Ces suppressions de postes sont également susceptibles d'entraîner la disparition de dispositifs particuliers, qui ne pourront plus être assurés correctement, tels que le dédoublement des classes ou les cours en effectifs réduits dans les collèges, selon Jean-François Caremel, secrétaire académique du Snes-FSU de Lille. "L'offre de formations dans les établissements sera appauvrie", abonde le responsable syndical, qui cite notamment l'exemple de lycées se retrouvant dans l'obligation de réduire le nombre de spécialités proposées aux élèves pour le baccalauréat. "Certaines sections de BTS pourraient également être menacées", ajoute-t-il.

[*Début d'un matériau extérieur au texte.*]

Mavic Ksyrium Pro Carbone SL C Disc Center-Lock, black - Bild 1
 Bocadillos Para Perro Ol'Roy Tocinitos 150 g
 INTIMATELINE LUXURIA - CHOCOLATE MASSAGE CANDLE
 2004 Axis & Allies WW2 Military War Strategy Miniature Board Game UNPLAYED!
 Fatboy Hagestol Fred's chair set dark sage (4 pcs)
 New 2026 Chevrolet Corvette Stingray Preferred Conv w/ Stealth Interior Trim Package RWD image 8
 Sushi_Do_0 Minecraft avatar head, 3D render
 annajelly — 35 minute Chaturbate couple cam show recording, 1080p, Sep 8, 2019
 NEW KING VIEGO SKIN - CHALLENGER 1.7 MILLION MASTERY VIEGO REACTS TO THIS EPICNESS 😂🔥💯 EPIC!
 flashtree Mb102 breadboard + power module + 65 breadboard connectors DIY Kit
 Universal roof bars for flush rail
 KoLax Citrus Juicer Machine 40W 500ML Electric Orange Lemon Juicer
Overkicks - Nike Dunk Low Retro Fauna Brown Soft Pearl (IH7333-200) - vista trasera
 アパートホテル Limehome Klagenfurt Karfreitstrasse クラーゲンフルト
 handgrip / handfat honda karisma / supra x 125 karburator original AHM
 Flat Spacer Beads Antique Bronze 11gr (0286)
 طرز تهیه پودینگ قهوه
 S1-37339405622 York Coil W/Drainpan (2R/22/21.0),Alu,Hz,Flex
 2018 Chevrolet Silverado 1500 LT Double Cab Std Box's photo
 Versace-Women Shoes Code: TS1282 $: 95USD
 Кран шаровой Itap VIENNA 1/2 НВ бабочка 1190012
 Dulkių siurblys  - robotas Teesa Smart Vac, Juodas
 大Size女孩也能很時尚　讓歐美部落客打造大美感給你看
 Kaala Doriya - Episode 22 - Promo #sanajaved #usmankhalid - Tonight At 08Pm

Des classes toujours trop chargées
"Avec ces postes en moins", les effectifs dans les classes, déjà à flux tendu dans de nombreux établissements, vont surtout "inévitablement augmenter", assure Sophie Vénétitay. C'est déjà le cas dans le Nord, où les établissements sont amenés, "depuis trois ans", à gonfler les effectifs par classe pour compenser le manque de moyens, "y compris dans les collèges les plus défavorisés" qui bénéficiaient du dispositif de dédoublement, explique Jean-François Caremel. "Dans les lycées, on est déjà à 35 élèves par classe. Au-delà, ça devient inimaginable."
Dans la capitale, la moyenne d'élèves par classe en primaire est de 19,9, soit l'une des plus basses du territoire (la moyenne nationale est de 21,7). Mais "elle reste au-dessus de la moyenne européenne" (19 élèves par classe en moyenne à l'école élémentaire), rétorque Sylvaine Baehrel, qui déplore "qu'on n'ait pas saisi l'opportunité pour se rapprocher encore plus" de conditions optimales dans les classes.
Un regret également exprimé dans les territoires ruraux, où la suppression d'une classe peut rapidement avoir des conséquences néfastes dans les petits établissements. "On se retrouve déjà avec des classes à double ou triple niveaux, ce qui n'est pas bon pour les enfants", estime Guislaine David.
Pour le premier degré, les académies doivent rendre les versions finales de leur carte scolaire avant fin mars. Le rectorat de Lille précise à franceinfo que des ajustements seront possibles dès la rentrée concernant les fermetures de classes annoncées, "à la suite de recomptages des effectifs". Dans le secondaire, des demandes d'audience peuvent également être formulées afin de rediscuter des moyens alloués avec le rectorat.